In 1997, a witness was shot and injured while being accommodated at a hotel in Durban. The staff of the programme at the time claimed the shooting had occurred as a result of a drunken brawl. However, both the witness and the Network of Independent Monitors (NIM) dispute this version and claim that an unknown assailant in the corridor outside the witness's room perpetrated the shooting.31

The Director of the programme has made it clear that there are simply not sufficient resources to ensure that all witnesses are guarded on a 24-hour basis. "Just to cover the 160 rented properties you would need at least 480 police officers, and this figure does not take into account additional personnel required to cover rest days."32

While it may not be possible to guard all witnesses on a 24-hour basis, there is clearly a need to tighten security surrounding witnesses. There appear to be two areas where lax security could endanger witnesses:

9.8 Police Investigations

A witness protection programme alone cannot address the problems within the criminal justice system nor can it serve as a prop to disguise poor policing. The programme can only work if it is supported with effective policing.

According to one police officer there is a tendency for the police to use the programme incorrectly by using the programme to recruit informants. These informants are then told they will be accommodated on the Witness Protection Programme if they agree to become an informant.

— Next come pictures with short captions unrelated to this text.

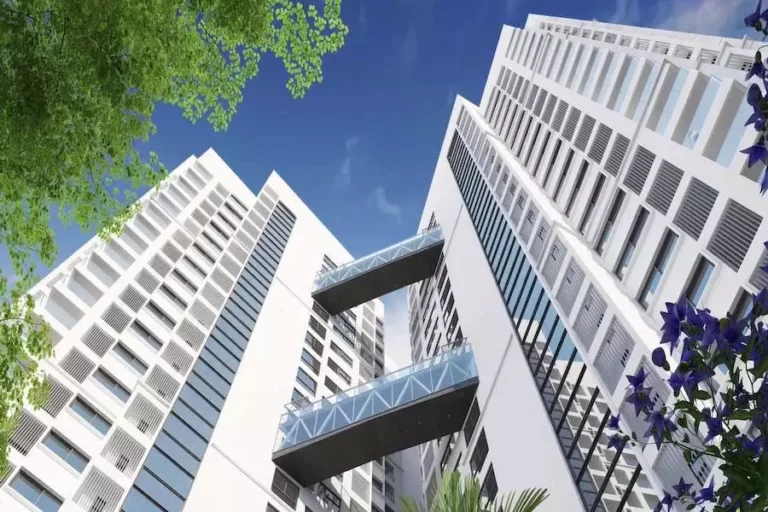 B&B Opulent Spire Apartment in Bangalore Elevation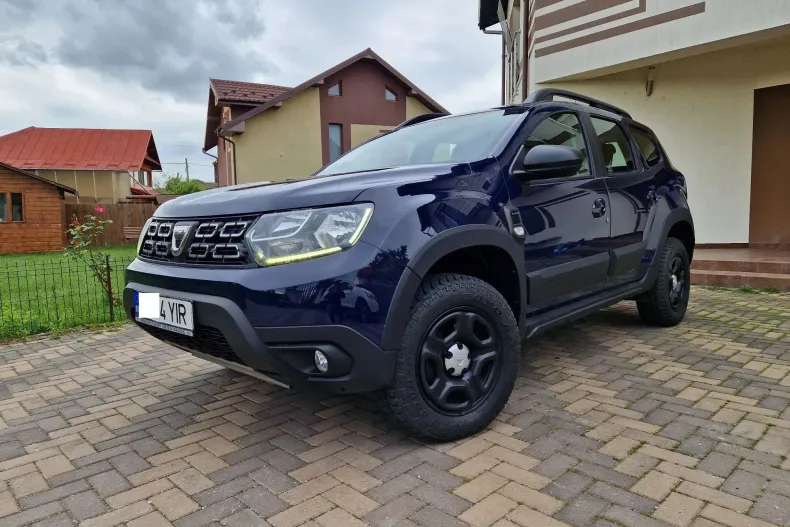 Dacia Duster din 2020 cu 99.000 km - oferta DAC135056 - foto 1
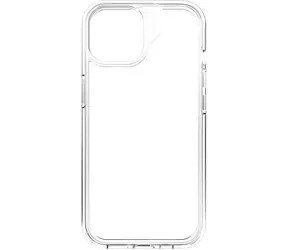 ZAGG Crystal Palace iPhone 15/14/13 przezroczysty / Etui ochronne / Grafen / Antybakteryjne / Ultracienki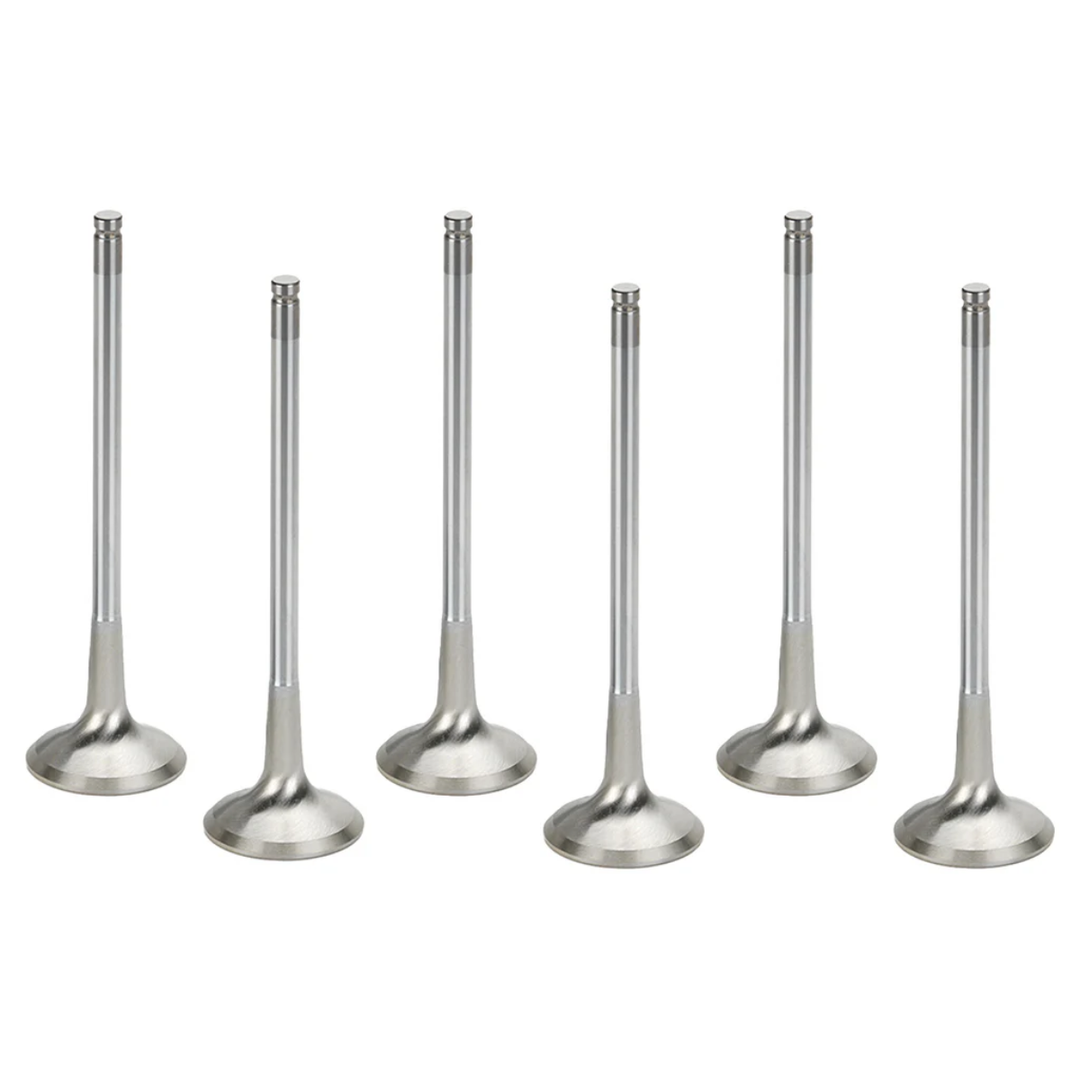 Supertech GR Corolla Inconel Valves - Exhaust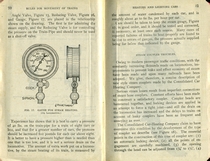 Operation of Trains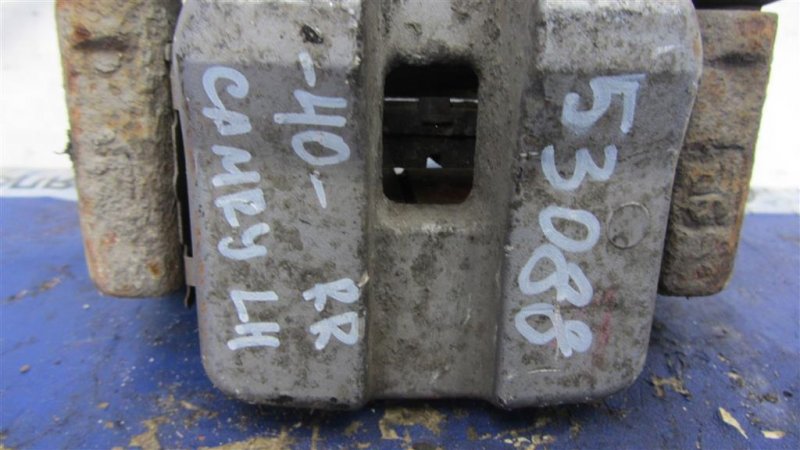 Суппорт тормозной задний левый CAMRY 40 06-11 Суппорт тормозной задний левый CAMRY 40 06-11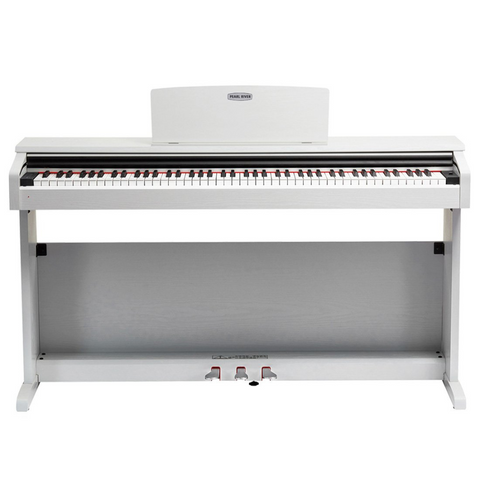 Pearl River V-03 Digital Piano – White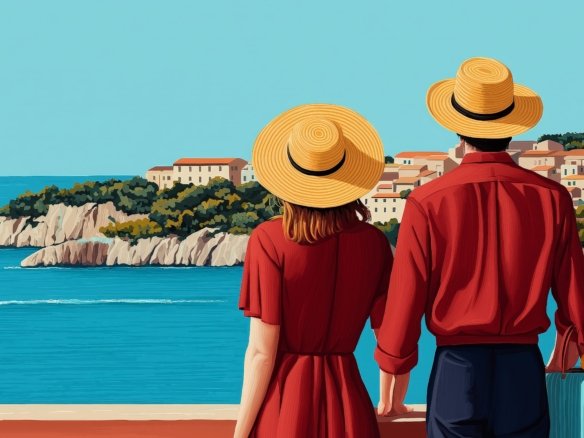 Spain Tourism Hits Record 93.8M Visitors in 2024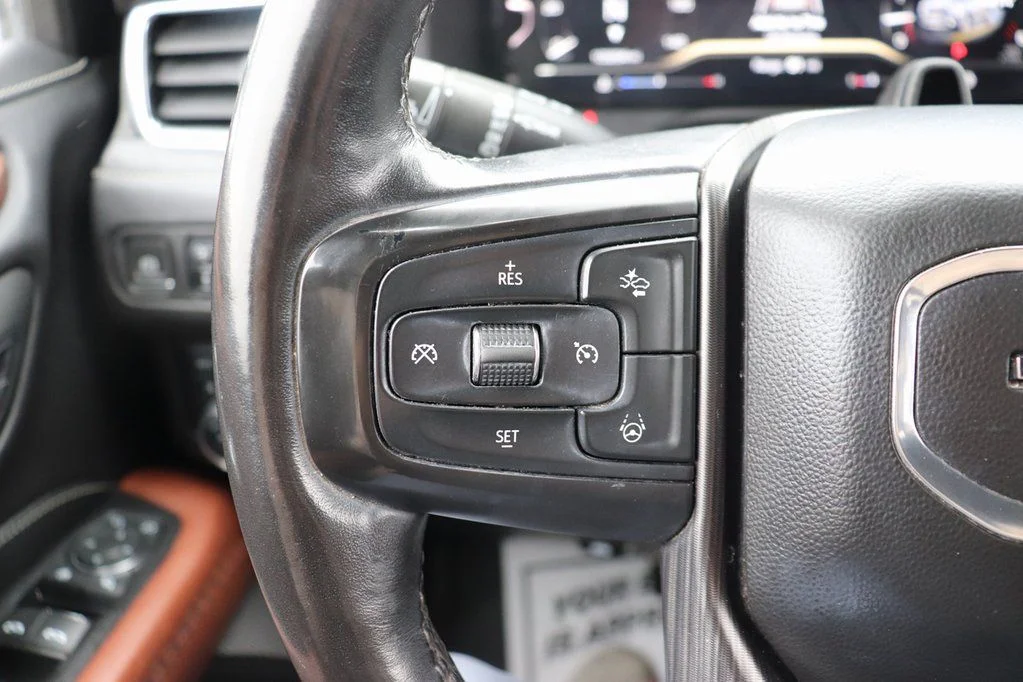 2023 GMC Yukon XL Denali Ultimate - Photo 36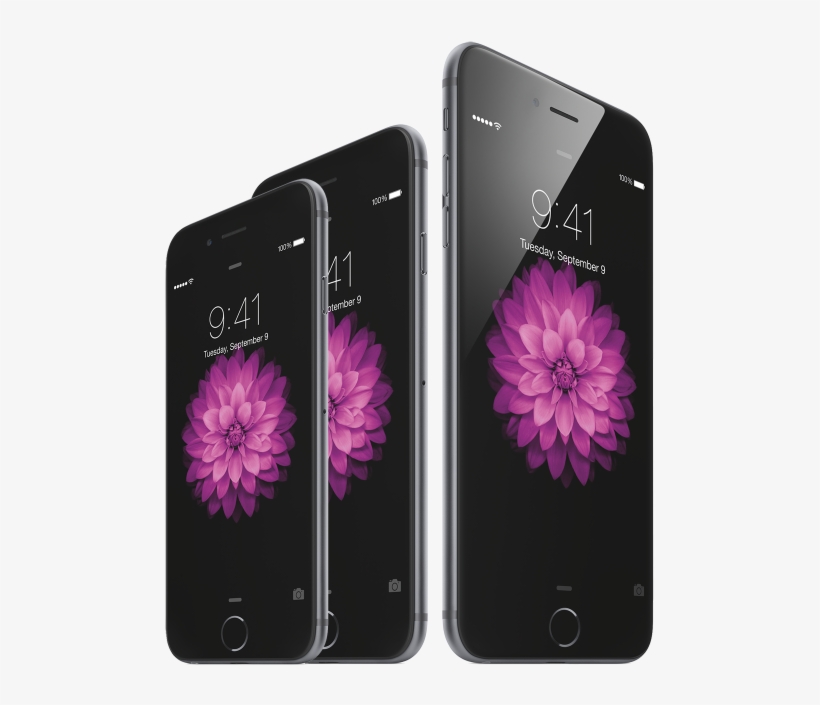Apple Said To Have 4-inch Iphone 5s With A8 Chip Ready - Apple Iphone 6 Plus - Space Grey, transparent png download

Furthermore, in other situations the insensitivity on the part of police officers has exposed their informants to danger and has led to the need for these informants to seek protection on the Witness Protection Programme.33

The SAPS' approach to witnesses often opens witnesses to danger or causes witnesses to take fright and disappear. In one incident, violence monitors agreed to facilitate contact between the police and a witness in the Eastern Cape. However, the SAPS' insensitive manner of approaching the witness not only exposed the witness but also caused the witness to flee and refuse to co-operate. This situation resulted because the police had refused to allow the violence monitor to go to the village to collect the witness and had insisted on accompanying the monitor. When it had become apparent that the witness wasn't at home, the police had begun asking the neighbours questions about the witness.34

A number of ways of ensuring that a witness's identity is not exposed until it is absolutely necessary could be used. Some of these methods could include:

9.9 Expectations of Witnesses

When a witness enters the programme, a memorandum of understanding is signed between the witness and the programme administrators. This memorandum outlines what has been agreed between the two parties regarding protection.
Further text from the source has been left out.